HOSTING the Games is a huge undertaking for such a small town. Why did Lillehammer want the Olympics? Jomar Selvaag, assistant director of marketing, explains: "It was never thought of as just a two-week sports event.... The entire purpose of doing this mega-event is to achieve long-term progress; to develop this part of the country as a place to live and work in the future."
"We've invested in highway and railway construction and in telecommunications," Ronningen says. Sports arenas will support tourism; the broadcast center will become part of a new university after the Games.
"We're raising this region to a level, over the next 30 to 40 years, that it might never have reached otherwise," he adds. "I think it will take some years to appreciate what the Olympics mean for the region."
The 1994 Winter Games are being financed by a $1 billion government grant approved by the parliament without serious opposition.
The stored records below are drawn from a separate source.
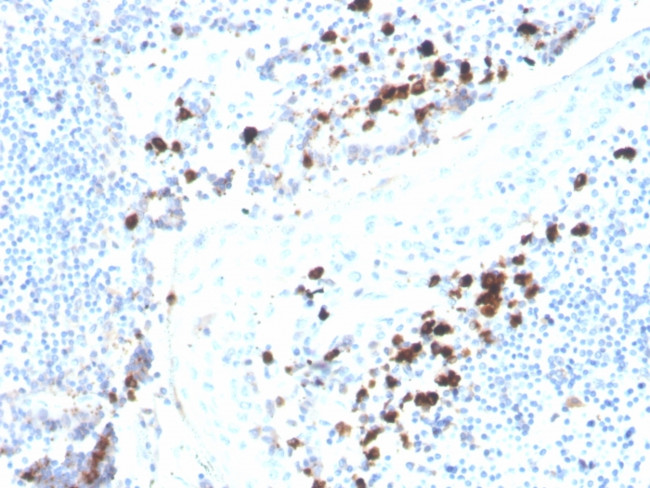 Immunoglobulin Alpha (IgA) Heavy Chain Antibody in Immunohistochemistry (Paraffin) (IHC (P))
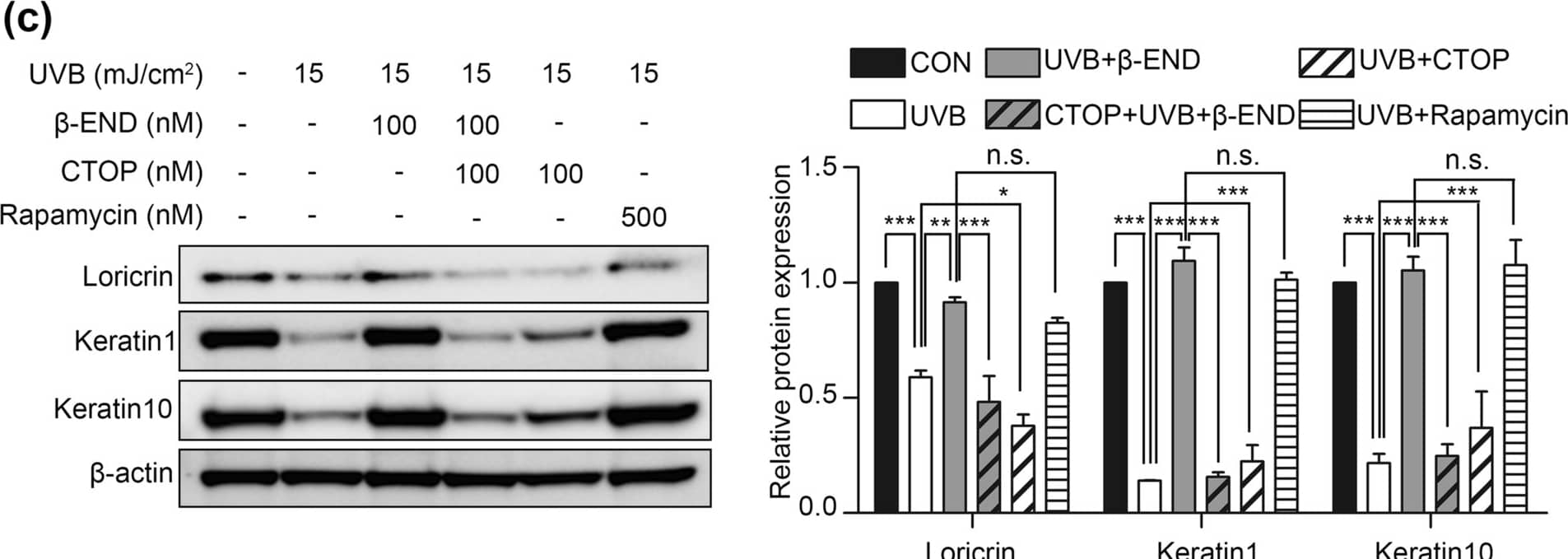 Loricrin Antibody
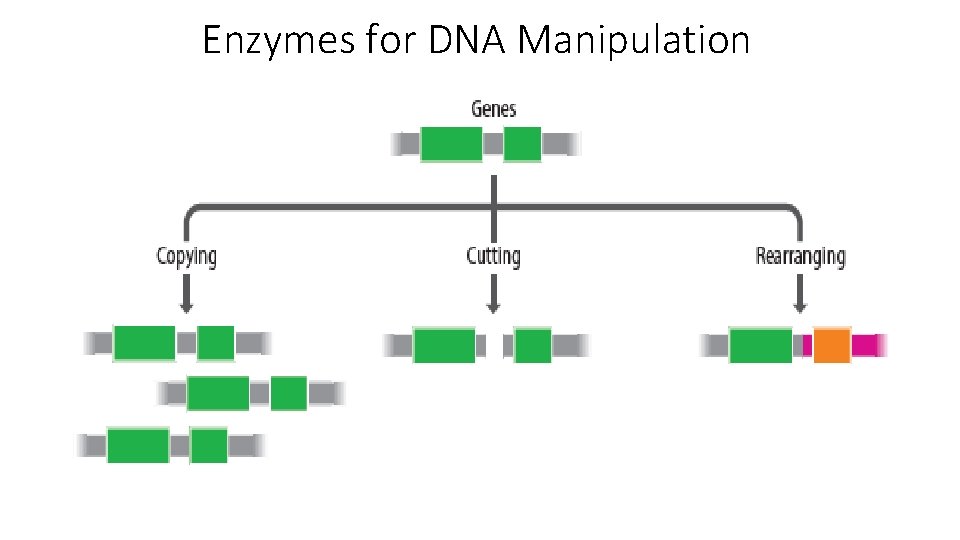 Enzymes for DNA Manipulation 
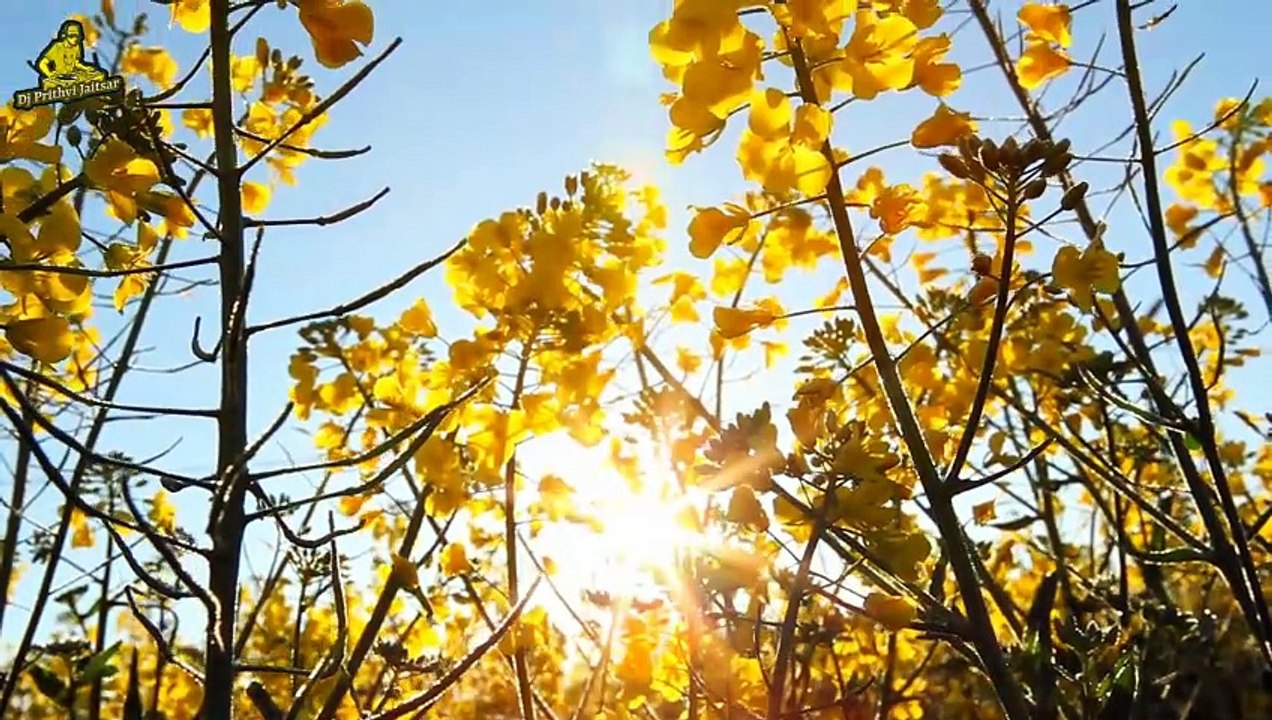 NAV NADIYA RO PANI SA RAJASTHANI HIT DJ VIRAL REMIX  SONG 2023 MIX BY DJ PRITHVI JAITSAR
Even in a country where oil resources have brought prosperity, this is a large sum.
Several sources of revenue are helping to pay back the grant. Lillehammer receives two-thirds of the $295 million that CBS paid for broadcast rights. (The International Olympic Committee and the USOC receive 24 percent and 10 percent, respectively.) Nine of Scandinavia's largest firms are major sponsors. Additional money came from suppliers and licensing agreements. (Thirty-two companies will produce 600 "official" items.)
Necessity and desire have ensured nationwide participation in the organization of the Games. From the country's population of about 4.1 million, the LOOC recruited "the best Norway had to offer," Ronningen says, to secure expertise in fields as diverse as media relations and computer software.
"We have participation from the entire country," he says, so "all of Norway feels it's taking part directly."
Hundreds of local entrepreneurs, like Gjovik cafe owner Klaus Bratlie, also are planning for the Olympics. He will expand capacity by setting up sidewalk tables (yes, in February) and limiting seating time. He's already using glassware with the Olympic logo.
When it's all over on Feb. 27, 1994, what would make Ronningen happy? "If everyone who comes - athletes, spectators, and media - feels everything worked well, and if they leave with a taste of Norwegian culture, I'll be satisfied."